Under the bedclothes with my torch, hidden from mother’s prying eyes, Spode Minor learned a lot about Sherlock’s methods. “You know my methods, Spode” I used to imagine him saying. 

One thing we did seem to have in common was the fact that when he was working on a problem, he worked alone. I do too, but not out of choice. “This is quite the three-pipe problem, Spode”, I imagined him saying “and I beg that you will not speak to me for fifty minutes.” Which, coincidentally, was exactly the length of the Lone Ranger episodes on the television, so I had no difficulty leaving him to his own devices, and felt sure that when we returned, he’d have everything sorted. I used to imagine that Sherlock and I made up a proper double act. John Watson was really no match for the Spode/Holmes combo; I used to think of him lagging behind because he’d forgotten his old Service revolver, while S and I were sleuthing for real, the game afoot. It was always so very gratifying when we had to tell Watson afterwards how it was done which left him open-mouthed with astonishment and our trifling efforts seemed to him to be nothing less than sheer genius. 

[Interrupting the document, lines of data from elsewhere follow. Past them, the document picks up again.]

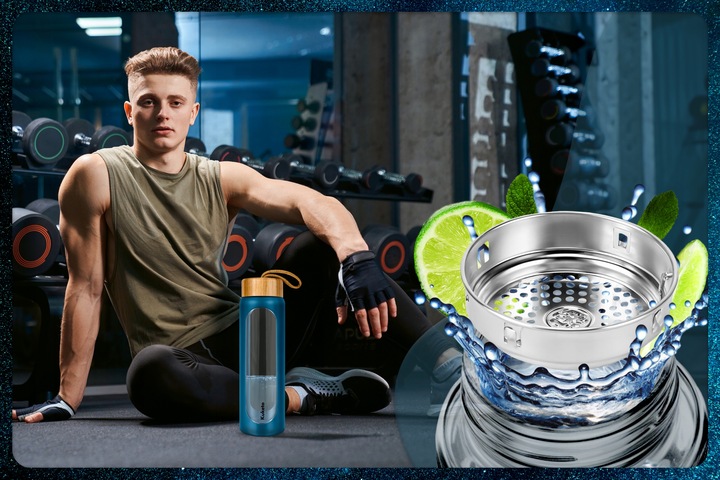 BUTELKA SZKLANA NA WODĘ NAPOJE ZE SŁOMKĄ SITKIEM SZCZELNA DUŻA BIDON 1,2L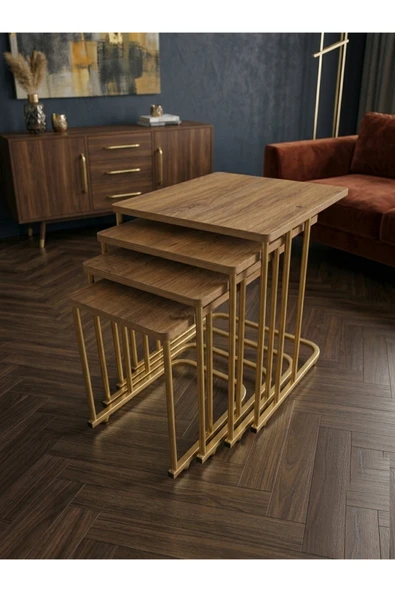 4 LÜ TEKERLEKLİ SEHPA ( ESKİTME GOLD - ÇAM ) ürün görseli 1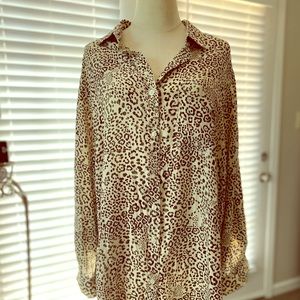 Cheetah Print Button Down Top 2X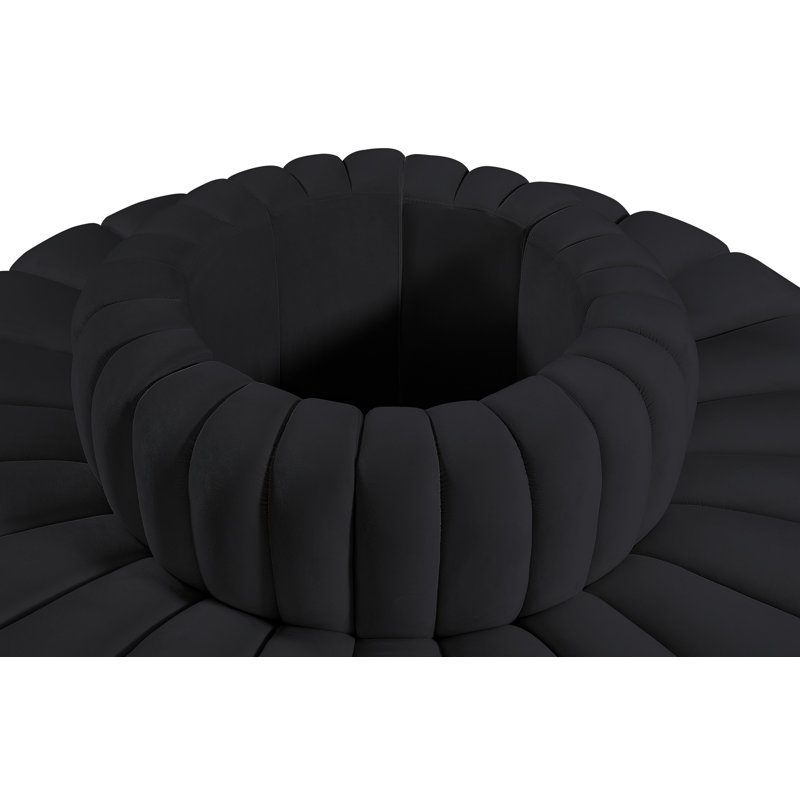 Hite Upholstered Curved Sectional Reversible, Black Velvet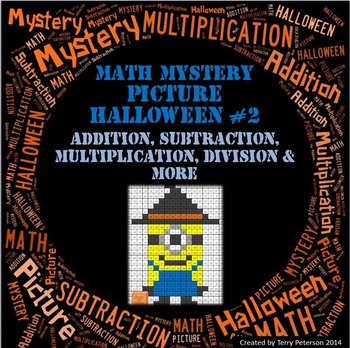 Preview of Math Mystery Picture Halloween Addition Subtraction Multiplication Division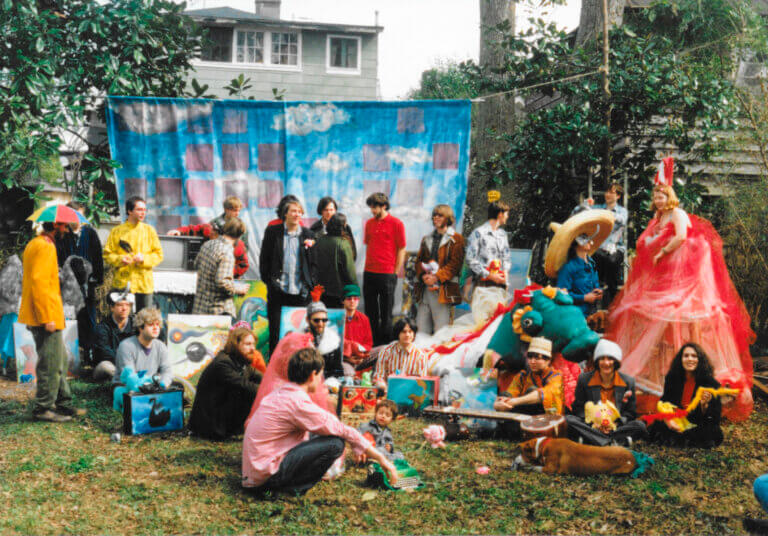 Members of the sprawling Elephant 6 recording collective gathered for a colorful group photo in Athens, GA in the late 1990s. Photo by Amy Hairston.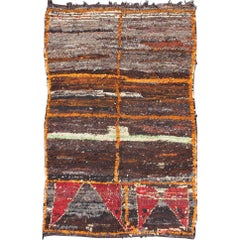 Retro Moroccan Boucherouite Large Rag Rug with Abstract Design in Charcoal and Brown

The television can be such a disappointment, don’t you find? Especially American television. Nothing against our transatlantic cousins, of course, apart from the mangling of language, but, they do like to take a good idea and, well, ruin it. Take Sherlock, for example. Whoever could have imagined that an enthusiastic somebody would come up with the idea of an American version? Transplanting SH to New York City is as foreign as marmalade in Madagascar. To make matters worse, they not only called it “Elementary” but they came up with a Joan Watson! Delicious as Lucy Liu undoubtedly is, my breakfast curdled in my stomach as she and Jonny Lee Miller solved their way across New York for three whole series. Had I, like Watson, suffered from an old war wound, a Jezail bullet in the shoulder, to be precise,  it would have given me sharp, disapproving cramps every time the theme music was played.  OK, OK, call me Mister Old-Fashioned, but Sherlock and Victorian London are as inseparable as the holes and the Emmental.”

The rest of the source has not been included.